7.2 Memberships Memberships may be issued by the Association at any time and are valid for one to three years. Membership fees shall be determined from time to time by the Board. Memberships are not transferable except to the Association.

7.3 Vote Each Member in good standing shall be entitled to a vote on each question arising at any special or general meeting of the Members and may vote by proxy. Partnerships, corporations, and other legal entities may vote through a duly authorized individual.

7.4 Resignation Members may submit their resignation in writing which shall be effective immediately upon their tendering. In the case of resignation, a member shall remain liable for payment of any assessment or other sum levied or which became payable by them to the Association prior to the acceptance of their resignation.

SECTION EIGHT MEETINGS OF MEMBERS

8.1 Annual Meetings of Members The Annual Meeting [hereinafter the “AM”] of Members shall be held no more than fifteen months after the previous Annual Meeting.

8.2 Special Meetings of Members The Board of Directors, the Chair or the Secretary may call a special meeting of Members at any time. In addition, 10% of the membership can direct the Board to call a special meeting by submitting a written notice.

8.3 Place of Meeting Every attempt shall be made to hold meetings in Sandy Hill.

8.4 Notice of Meeting –Notices for meetings shall be issued in the following manner:

a. Annual Meeting A minimum of 31 days prior to the AM, notice of the time, date, and place of the AM shall be sent to the members by email and made known to the community through the ASH website and the community newspaper. The notices shall include the information that elections to the Association’s Board of Directors will be held, the rules for eligibility to vote at the AM, and the qualifications and rules for the nomination of candidates. The Board shall make every effort to ensure the annual budget of the Association sets aside sufficient funds to enable this notice to be given.

b. Special Meetings Notice of the time and place of a special meeting of Members shall be sent not less than ten days before the day on which the meeting is to be held to each member of record by email. Notice of a special meeting of Members shall state the general nature of the business to be transacted at it and include the text, if known, of any resolution to be submitted to the meeting.

8.5 Conduct of Meetings The Chair, or in their absence, the Vice-Chair, shall preside over any meeting of Members. If no such Officer is present within fifteen minutes from the time fixed for holding the meeting, the Members present shall choose one of their number to be Chair. If the Secretary of the Association is absent, then the Chair shall appoint a person to act as Secretary of the meeting.
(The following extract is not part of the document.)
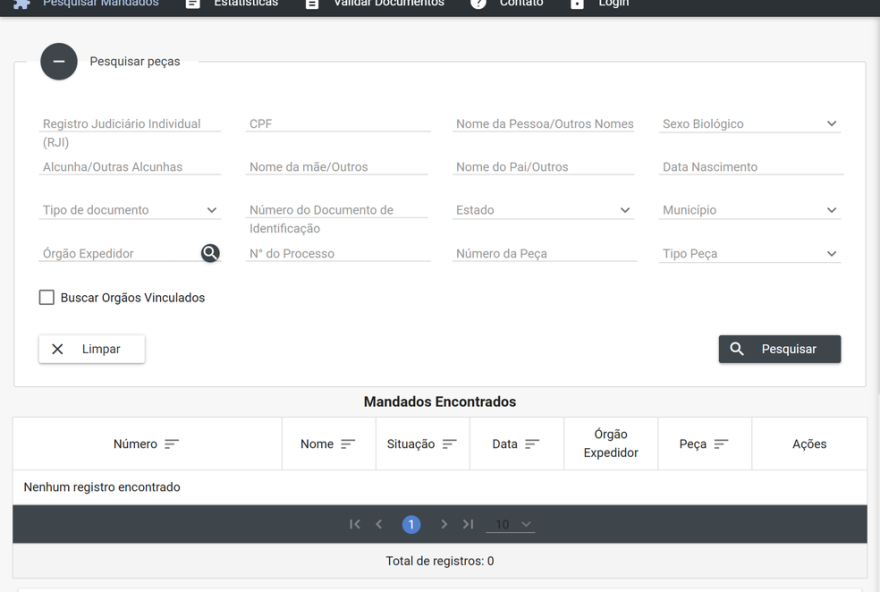 mais-de-300-mandados-de-feminicidio-ativos-no-brasil3A-analise-do-de mais-de-300-mandados-de-feminicidio-ativos-no-brasil3A-analise-do-de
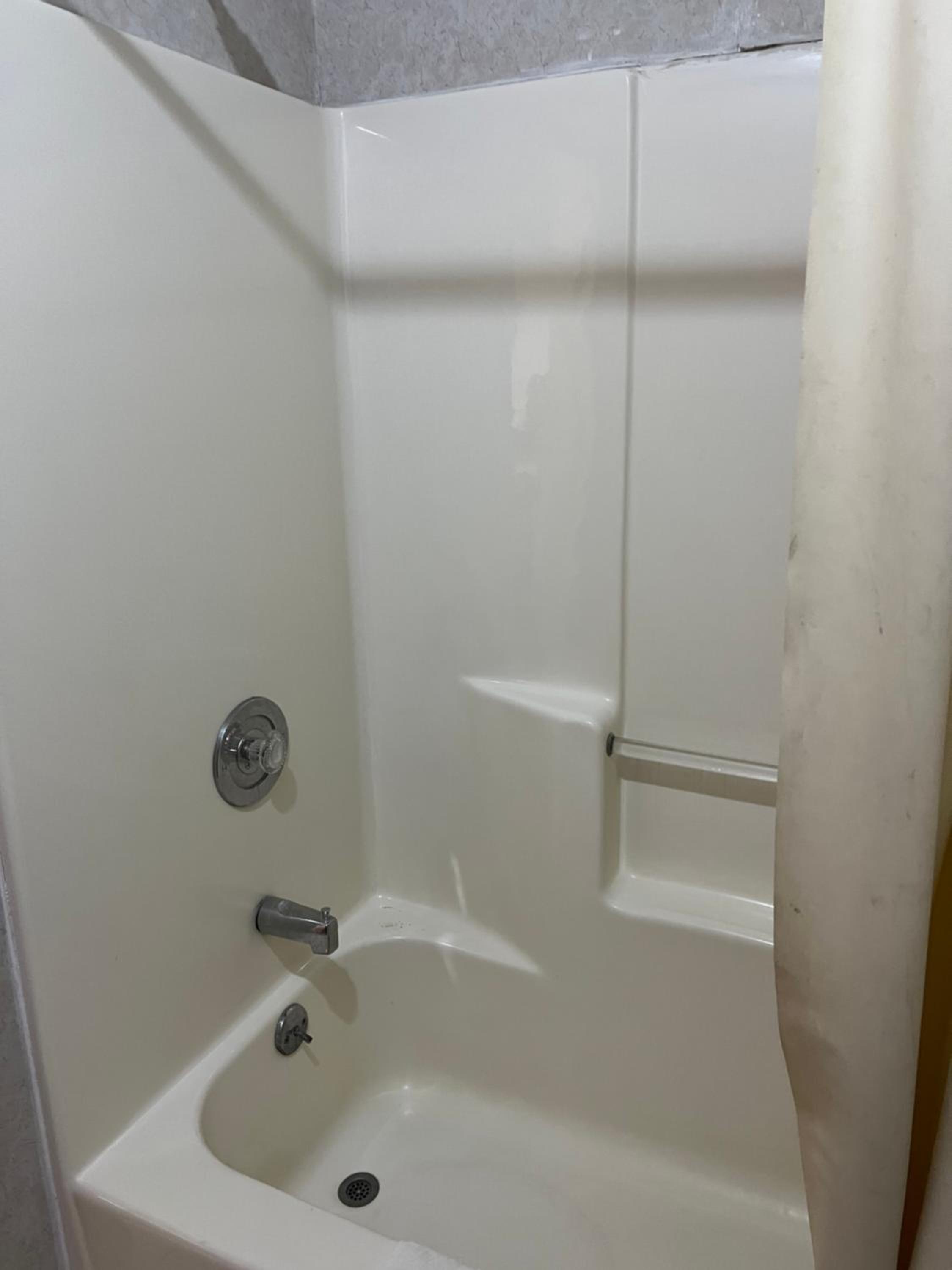 magnolia inn - Property Image 2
8.6 Business Discussed at AM The following business will be conducted at the AM, in addition to any other business that may be transacted:

a. Chair’s report;

b. Committee reports;

c. Treasurer’s financial statement; and

d. Election of Directors.

8.7 Persons Entitled to be Present The AM and special meetings of Members shall be public, but only Members shall be entitled to vote.

8.8 Member Proposals Members may, at any time before or during a meeting of Members, propose to discuss any matter or propose any resolution to be put to the Members for a vote. A Member may give the Association notice of any matter or resolution that the Member proposes to raise at a meeting. Upon the request of a Member, the Association shall include the proposal and a short statement made by the Member on the proposal in the Notice of the meeting, provided the Association has received such a request not less than 14 days before the day on which a special meeting is to be held, and 40 days before the day on which an AM is to be held.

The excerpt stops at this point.